Anísio foi depois inocentado das acusações que lhe eram dirigidas e, algum tempo mais tarde, quando do seu retorno ao Brasil, após um período de semi-exílio, em que atuou a convite como professor visitante nas universidades de Chicago e de Colúmbia, enviou para D. Suzana, segundo ela própria, um exemplar do seu livro Educação para a Democracia. Em uma dedicatória por ele escrita e assinada, agradecia-lhe ter preservado a CAPES, que ajudara a criar, e cuja sobrevivência sabia que estivera, de fato, em risco.
É significativo que das duas importantes instituições que Anísio criou ou ajudou a criar nos anos 1950-1960, no âmbito do MEC - além da CAPES, o Centro Brasileiro de Pesquisas Educacionais (CBPE) e sua rede de centros regionais - apenas a primeira tenha conseguido permanecer após os anos 1970 e constituir-se no principal órgão responsável pela instituição no país de um sistema de ensino pós-graduado nos moldes das melhores universidades européias e norte-americanas. Se por um lado essa sobrevivência se deu, sem dúvida, porque o órgão atendia, em parte, aos interesses da política de ensino superior desenvolvida pelo governo militar, por outro, a CAPES, organizada sob a forma de Campanha, tinha uma institucionalização mais precária que o CBPE e, já anteriormente a 1964, sofrera uma forte oposição de outros órgãos da própria burocracia estatal, como a COSUPI [2], de feição mais imediatista e pragmática.
D. Suzana comentou comigo que não chegara a conhecer pessoalmente Anísio, mas mostrou-me o livro com a dedicatória que guardava com carinho.
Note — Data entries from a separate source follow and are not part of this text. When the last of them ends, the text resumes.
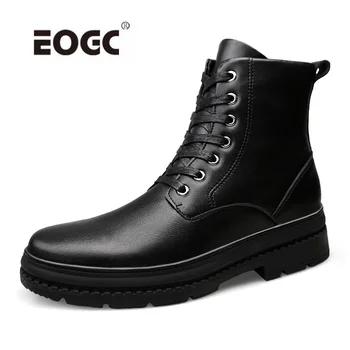 

Supper Warm Fur Men Boots Waterproof Genuine Leather Winter Shoes Outdoor Men Snow Boots Platform Shoes Men Dropshipping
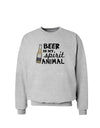 Beer Is My Spirit Animal Sweatshirt-Sweatshirts-TooLoud-AshGray-Small-Davson Sales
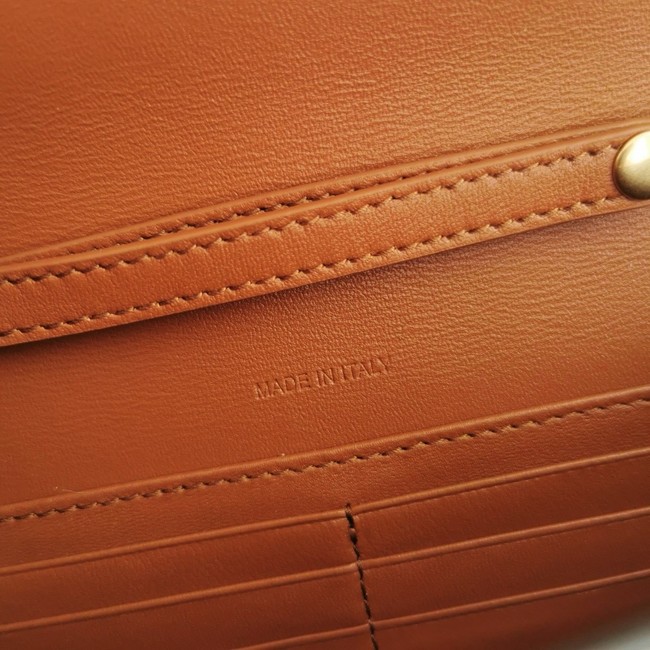 Celine WALLET ON CHAIN MARGO IN TRIOMPHE CANVAS AND CALFSKIN 10L033 TAN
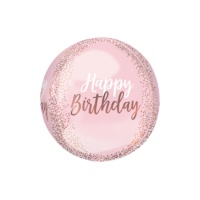 Globo orbz rosa feliz cumpleaños de 38 x 40 cm - Anagram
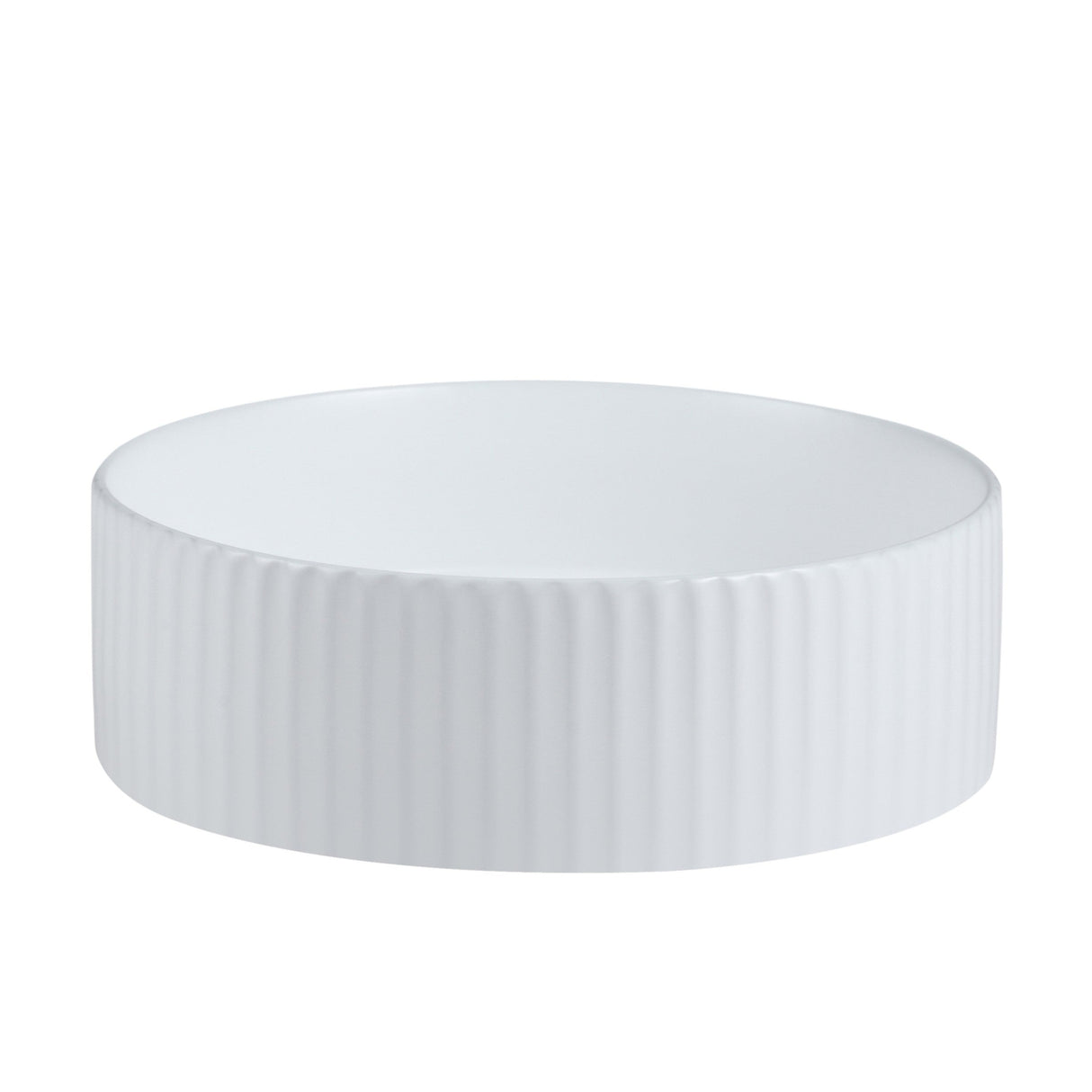 Cora 36 Counter-Top Fluted Round Basin- Gloss White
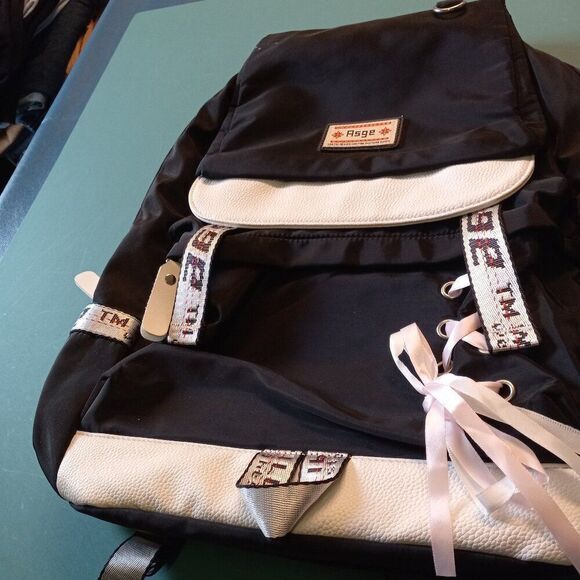 Asge Brand Black and White Roomy Backpack  School College Work Commute Shopping - Picture 1 of 14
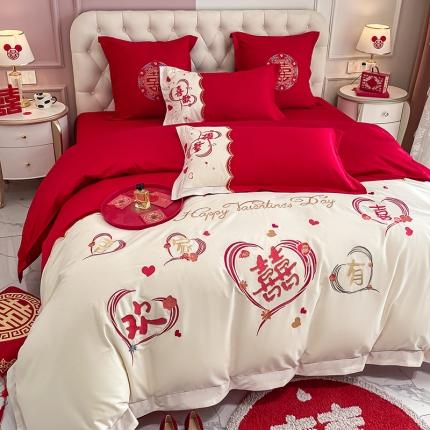 91家纺网 家纺一手货源 找家纺 玉雅家纺 2025新款亲肤刺绣婚庆四件套 欢喜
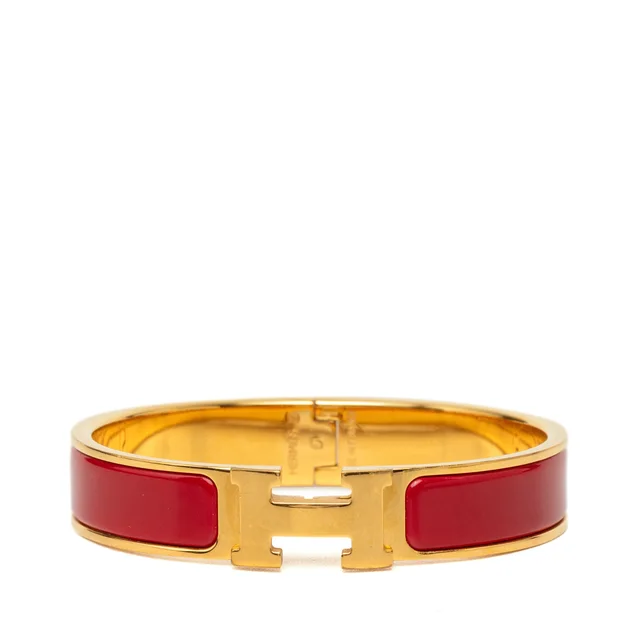 Red Hermès Narrow Enamel Clic H Bracelet PM in Red from Designer Revival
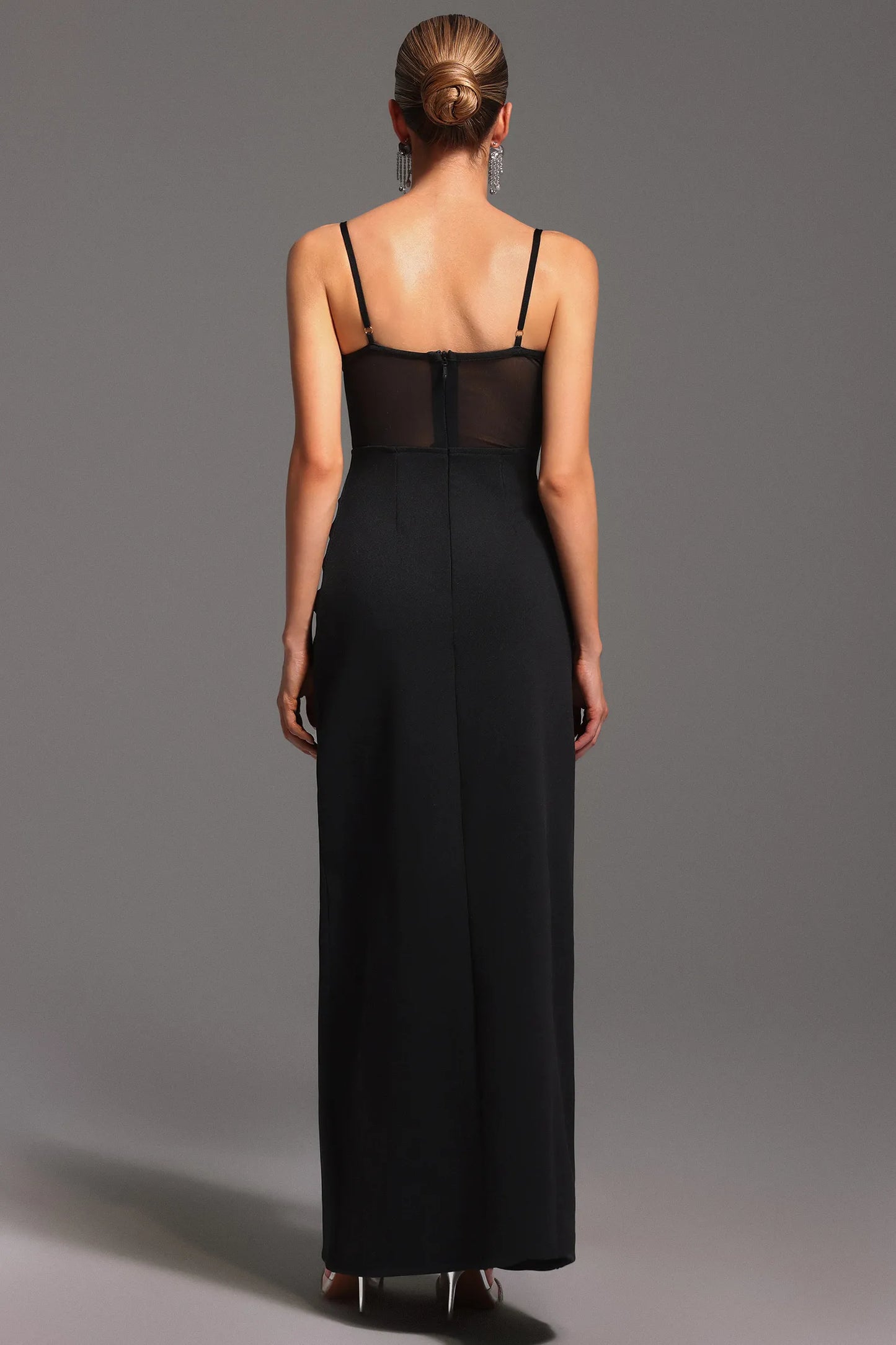 Edgy Black Spaghetti Strap with Sheer Mesh Bodice, Crystal Star Detail and High Slit Mermaid Evening Dress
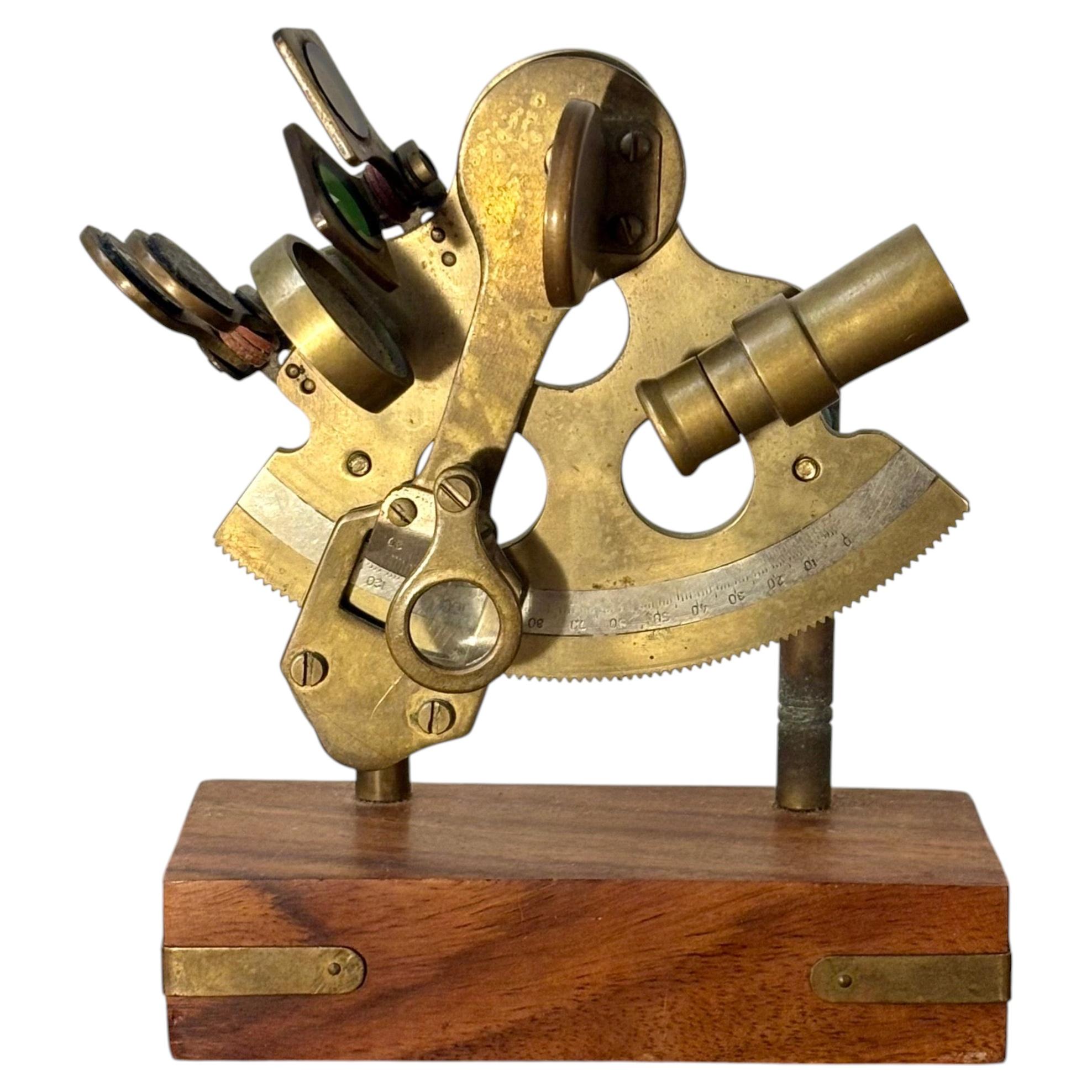 Antique Brass Nautical Sextant on Hardwood Display Stand, Maritime Instrument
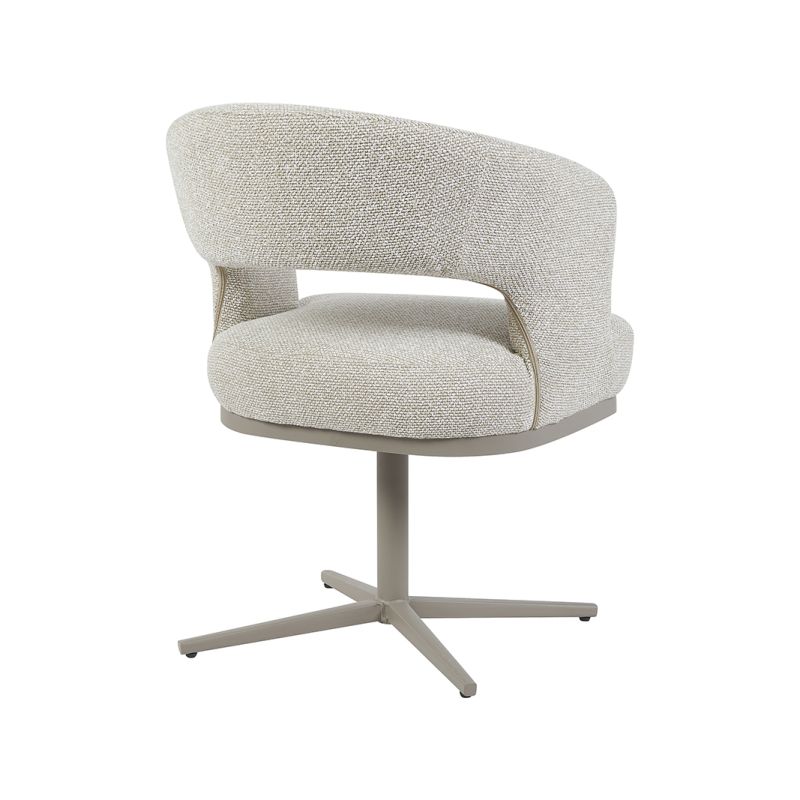Eetkamerstoel Monaco Naturel Royal Boucle met taupe metalen onderstel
Lembrei-me de situação que vivenciara, muitos anos antes, e que, talvez, agora adquirisse sentido. Quando ingressei no curso de Mestrado da PUC, em 1968, obtive uma bolsa da CAPES, que me permitiu dedicar-me integralmente ao curso. Apenas três bolsas foram concedidas aquele ano pela CAPES ao curso. Logo depois, soubemos, a instituição entrou em crise, culminando com a saída da D. Suzana da sua direção. Eram anos nebulosos, de endurecimento do regime militar, e avalio, hoje, que talvez as atitudes firmes de D. Suzana lhe tenham custado o cargo...
Pois são essas algumas das lembranças que trago dessa figura ímpar: pequenina, discreta, mas íntegra e à qual devemos muito, não só a PUC, mas a universidade brasileira.
[1] Atual Fundação de Aperfeiçoamento do Pessoal de Nível Superior, órgão responsável pela política de pós-graduação do MEC, criada inicialmente sob a forma de Campanha.
[2] Comissão Supervisora do Plano dos Institutos, criada para implementar os institutos tecnológicos nas universidades.